また、感染経路不明割合は、数値が確定しております先月20日までの1週間平均で、県全体の36.5パーセントに対して広島市が46.4パーセント、PCR検査の陽性率は、先月24日までの1週間平均で県全体の2.0パーセントに対して広島市が5.4パーセントとなっており、いずれも広島市の数値が依然として高いことから、市中感染のリンクを遮断して、感染を減少させる必要がございます。
加えて、他の自治体では、新規感染者数が減少傾向となったことを踏まえて対策を緩和し、その後、感染が再拡大している事例もあることから、このような事態に対する十分な警戒が必要であると認識しております。
このため、県といたしましては、感染の再拡大に警戒しつつ感染の収束を確実にしながら段階的に対策を緩和するとともに、これまでの集中対策の影響を受けた飲食事業者に対する支援を実施するため、この度、補正予算案を編成したところでございます。
その主な内容を申し上げます。
感染状況は予断を許さない状況にあることから、今月8日以降につきましては、酒類を提供する飲食店に対する酒類提供時間及び営業時間の短縮を1時間緩和して要請することを念頭に、この要請に御協力いただいた店舗に対する支援のための予算を計上しております。
具体的な要請の内容は、直近の感染状況や専門家の皆様の御意見等を踏まえて改めて決定してまいります。
また、県内全域において、集中対策に基づく「飲食の場・飲酒の場における対策」の影響を受けて、売上が減少した飲食事業者に対する支援を市町と連携して実施してまいります。
さらに、無症状者・軽症者からの感染をできる限り遮断するため、広島市の中区、東区、南区、西区におきまして、居住者や就業者の方々に対する集中的なPCR検査を実施したいと考えております。

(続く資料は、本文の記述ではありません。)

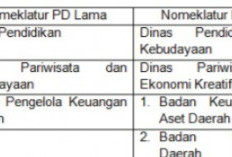 Empat OPD Tanggamus Nomenklatur Baru 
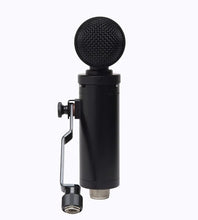 Lauten Audio LS-308 Microphone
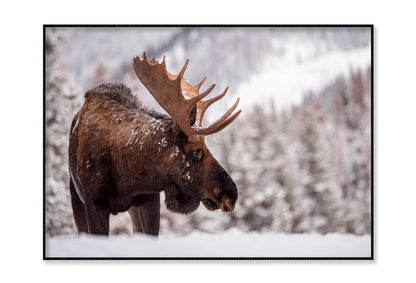 Bull Moose in Snow Home Decor Premium Quality Poster Print Choose Your Sizes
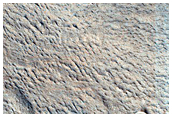 Monitoring Recent Impact Site
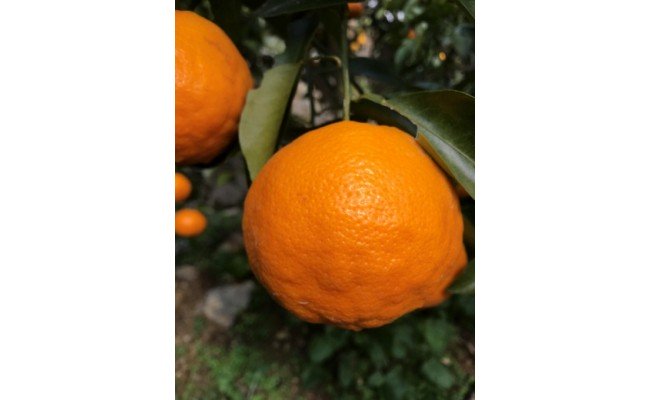 【ふるさと納税】黒潮が育てた はるみオレンジ 5kg (SS～LLサイズ混合)【ハルミ 春見 ミカン 蜜柑 柑橘 和歌山 有田】のサムネイル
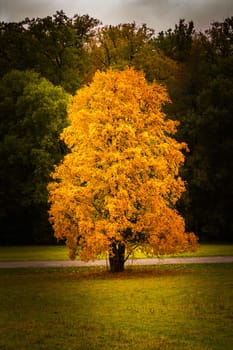 Autumn Fall Season Changing Leaves Contrast Single Oak Tree Alone Forest Independent Orange Yellow Red Leaves Plant Field Landscape Path Wood Bright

これまで新規感染者の発見は、積極的疫学調査において、濃厚接触者に限らず幅広い接触者を対象に徹底的に検査を行うとともに、有症状者に対しましては、身近な医療機関等で早めの受診・検査を行ってまいりました。
さらに、クラスター対策として、医療機関、高齢者施設等の従事者の定期検査を行ってきたほか、無症状者に対しましても、PCRセンターで一定の対象者に幅広く検査を実施してきたところでございます。

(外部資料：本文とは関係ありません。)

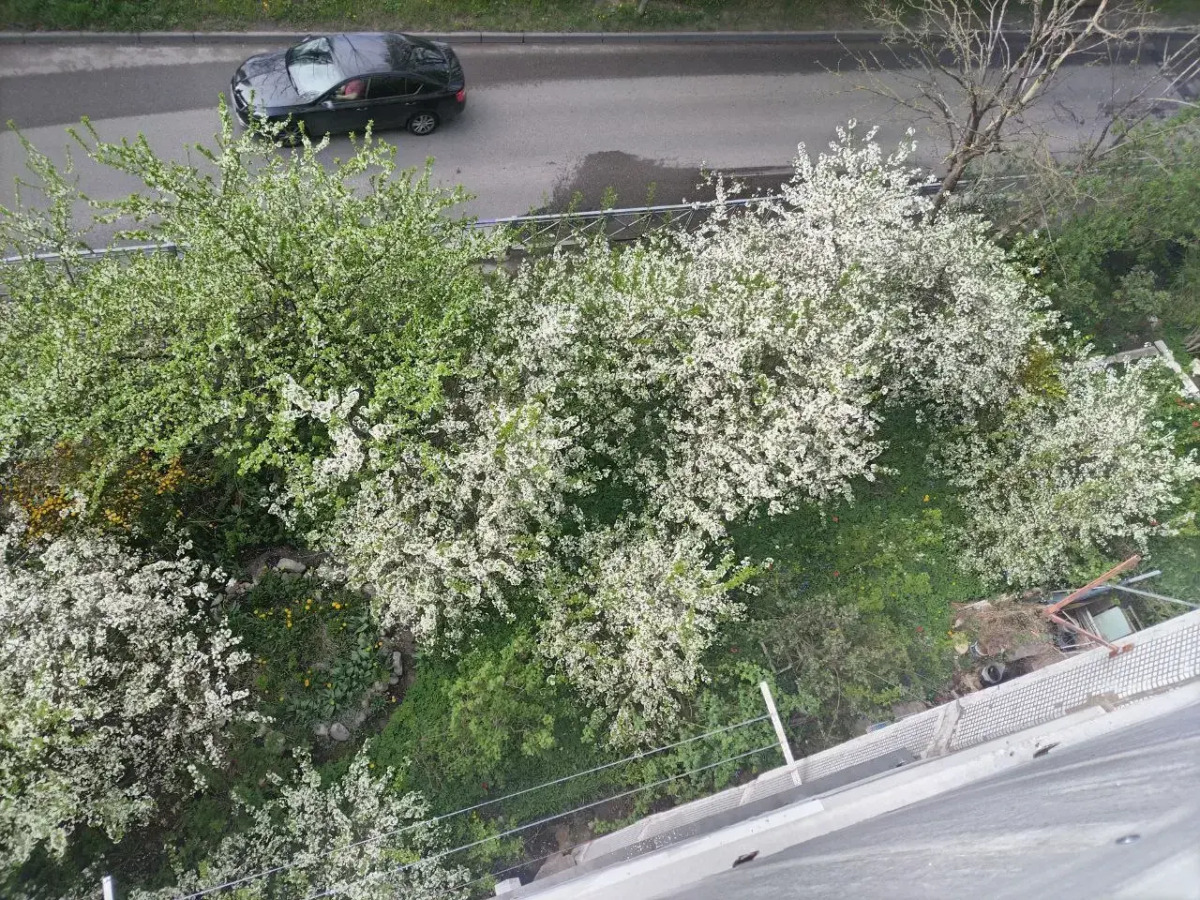 Квартира Однокомнатная в 10 Минутах  от  Верхнего Озера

しかしながら、これらの対策では昨年12月の感染拡大を防げなかったほか、その後、これまで講じてきた集中対策により新規感染者は減少傾向にあるものの、警戒基準値を上回っており、広島市において市中感染が継続している状況でございます。
どこにいらっしゃるかわからない無症状や軽症の方からの感染については、対策を行うのが非常に困難であり、これらの方が無自覚に家族や知人、職場へと感染を広げてしまう恐れもございます。
感染が再拡大すれば医療体制をひっ迫させることとなり、また、感染の拡大と制限の緩和を繰り返すようでは、経済の正常な回復は困難となります。
今後、市中感染を抑え込み、感染状況を安定させ、社会経済活動を安定的に回復させるには、これまで県内では実施していない更なる追加対策が必要と考えており、集中的なPCR検査を実施したいと考えております。
この検査の実施により、積極的疫学調査で感染拡大を防止できる低い水準まで感染レベルを抑え込むことができれば、医療体制をひっ迫させることなく、経済的な損失を最小限に抑え、早期に社会経済を回復させることができるものと考えております。
これらの取組に係る一般会計の歳入歳出補正予算額は55億597万円となり、本年度予算の累計額は1兆2,674億7,344万円となります。
また、このほか、専決処分報告5件を提出しております。
どうぞ、慎重に御審議いただき、適切な御議決をいただきますよう、よろしくお願いいたします。